With Winterholler in command, the Devils crushed the Charioteers, 41-10, in a rematch. They reeled off 26 straight victories, several against able-bodied teams that played while in wheelchairs at well-attended exhibitions. The highlight for Fesenmeyer was flying to a game sponsored by the Oakland Tribune in May 1947. The Devils faced the semipro Oakland Bittners and Jim Pollard, a future Hall of Famer with the Minneapolis Lakers. “We sent them chairs about a week ahead of time so they could practice,” Fesenmeyer says. “I don’t suppose they did, thinking they could beat us.” Instead the Devils won, 38-16, in front of a sold-out crowd at the Oakland Civic Auditorium.
The success of the Devils and the Charioteers sparked a minor mania in wheelchair basketball. A game between two VA teams on the East Coast sold out Madison Square Garden in 1948, and Newsweek featured a wheelchair athlete on its cover. Almighty gossip writer Hedda Hopper used her column to raise funds for a cross-country barnstorming trip with Birmingham players. Veterans at the hospital also appeared in The Men, a 1949 film about injured vets that didn’t shy away from such issues as impotence and heavy boozing. The star was Marlon Brando, making his Hollywood debut as a paraplegic who had a deft touch with a basketball.

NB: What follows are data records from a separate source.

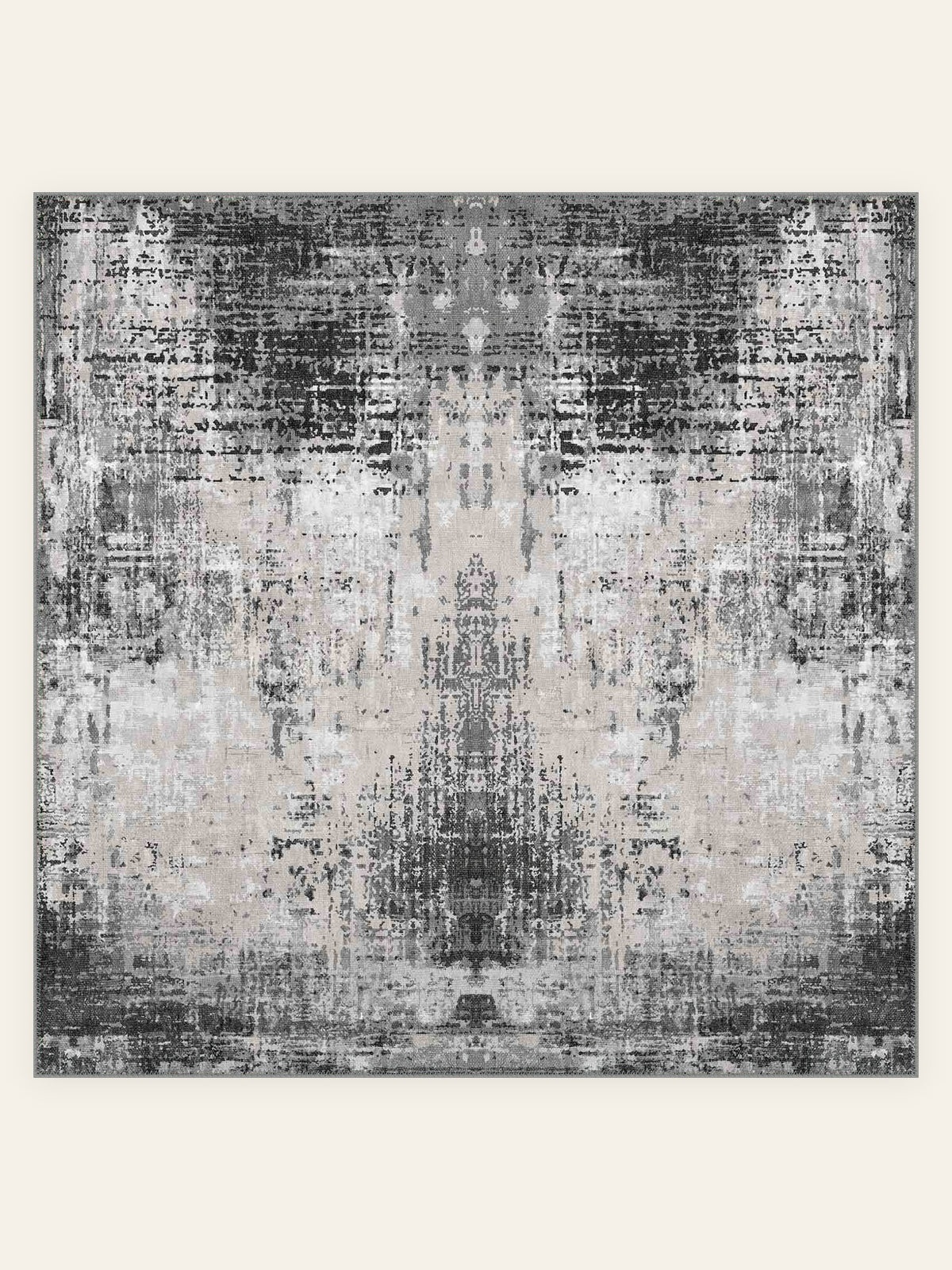 Tapis lavable Ashfield Charcoal, forme carrée, vu de dessus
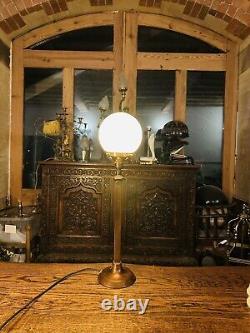 Antique Copper & Opaline White Glass Globe Table Lamp, Art Deco 1920's Style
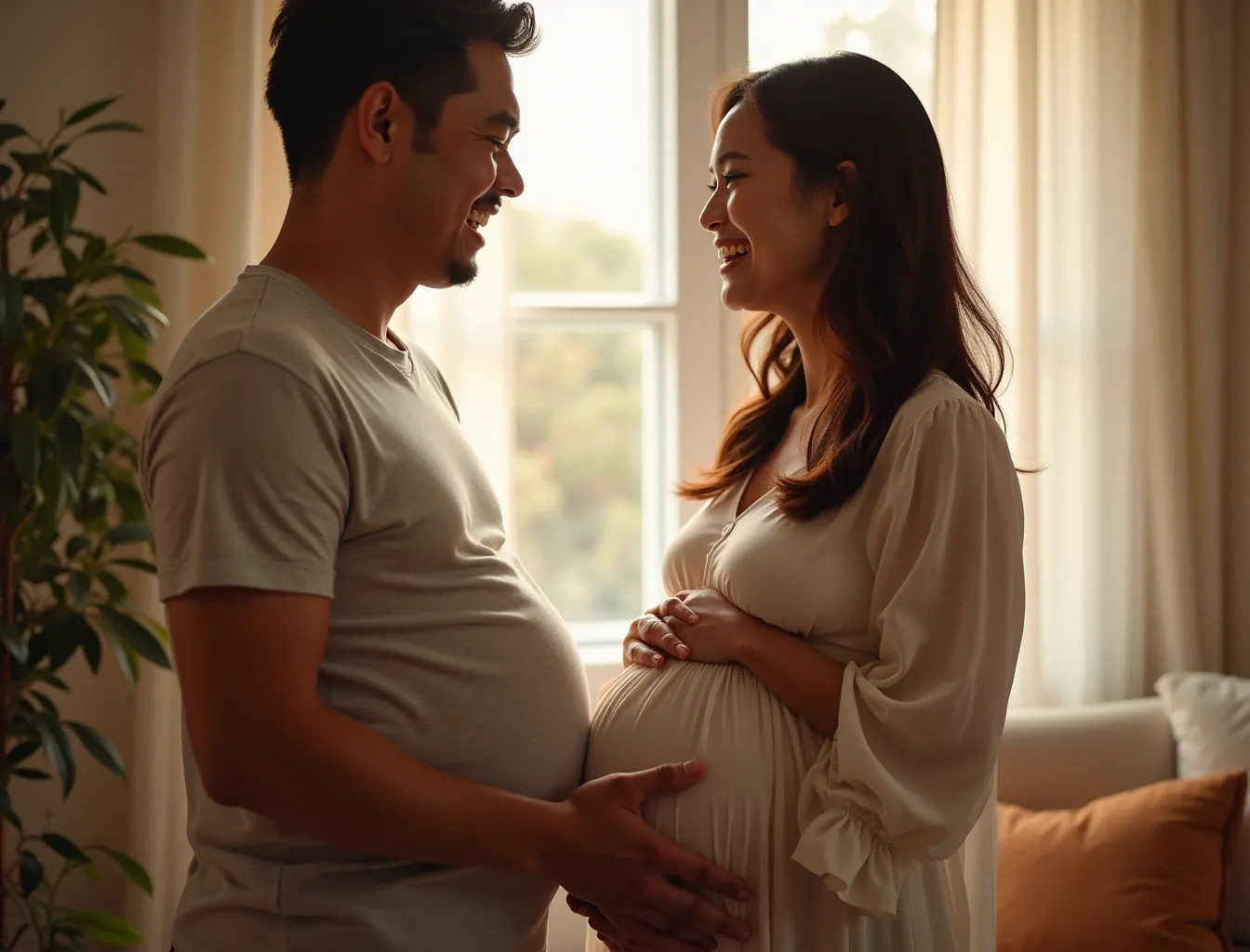 Expectant couple at home, partner's hands resting over hers on the bump, both laughing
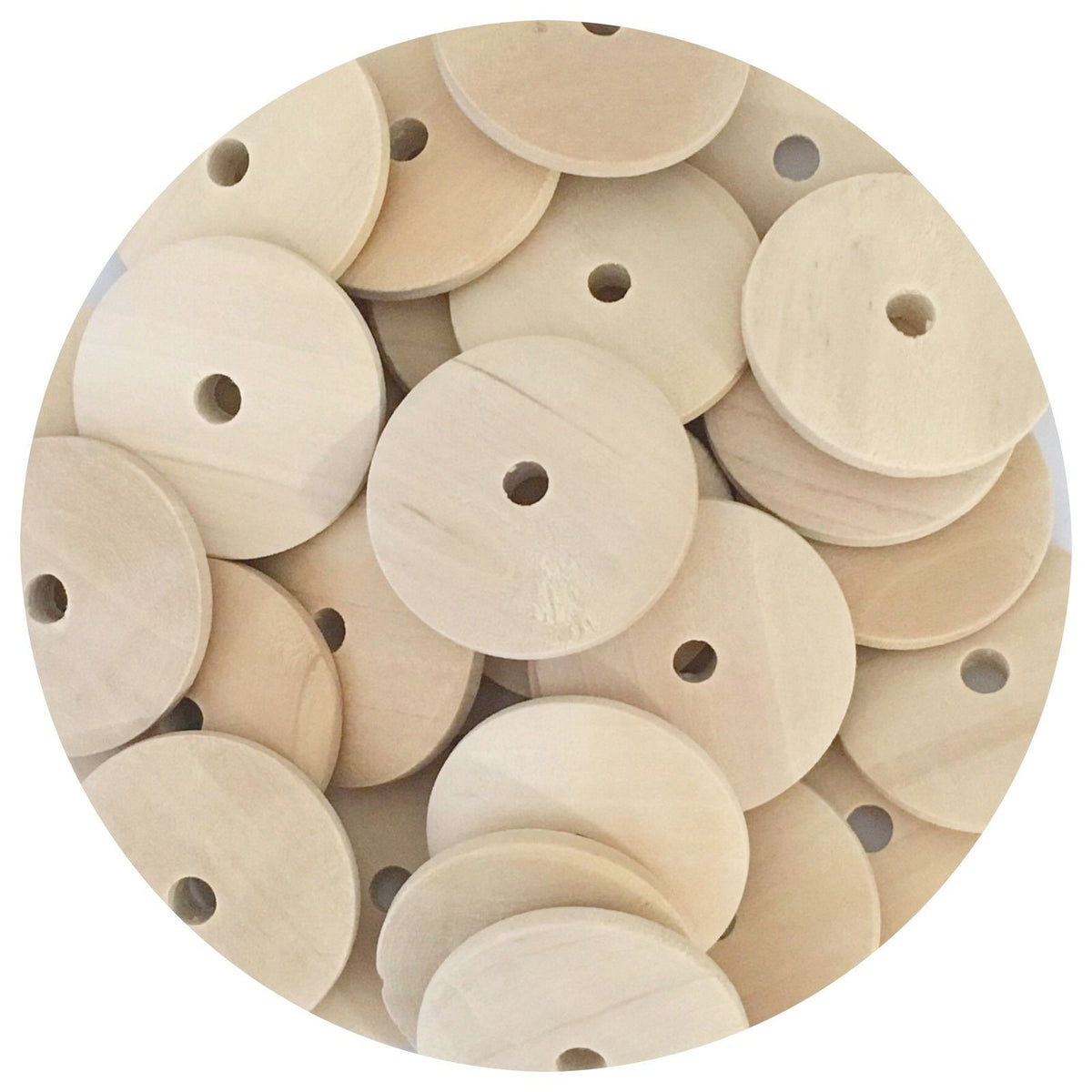 25mm Natural Wood Flat Coin Beads - Middle Hole - 20 Beads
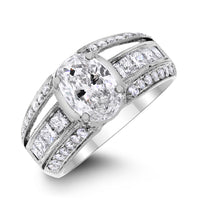 Bridget Engagement Ring (1.56 ct Oval ESI2 EGLUSA Diamond) in White Gold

As nonveteran paraplegics began to take to the court, Bob Rynearson helped form the National Wheelchair Basketball Association. Today it’s estimated that more than 100,000 wheelchair athletes play hoops, including youth and women, and it’s a headlining sport at the Paralympics. (The documentary Murderball captured the U.S. full-contact rugby team and the intense lead-up to the 2004 Games.) Since the genesis of the Paralympics in 1960, other adaptive-sports contests have emerged, among them the Special Olympics, for those with intellectual disabilities, and the Warrior Games, held for injured U.S. military personnel.
The Rolling Devils broke up as members left the hospital, which closed in 1957. Despite decades of neglect, the once-magnificent structures of the Norconian Resort Supreme still stand. The town’s mayor, Kevin Bash, is trying to restore the Norconian, whose main building is on the National Register of Historic Places; Bash is seeking to add others as well. Like the patients it once housed, it needs some serious rehab.
Fesenmeyer, who gave up the game, married and divorced three times while making a living in electronics in Southern California. After undergoing dozens of operations, he lives in a mobile home in a small town in southeast Texas, where a pair of aides care for him round the clock. “It’s a miracle I’m alive,” he says.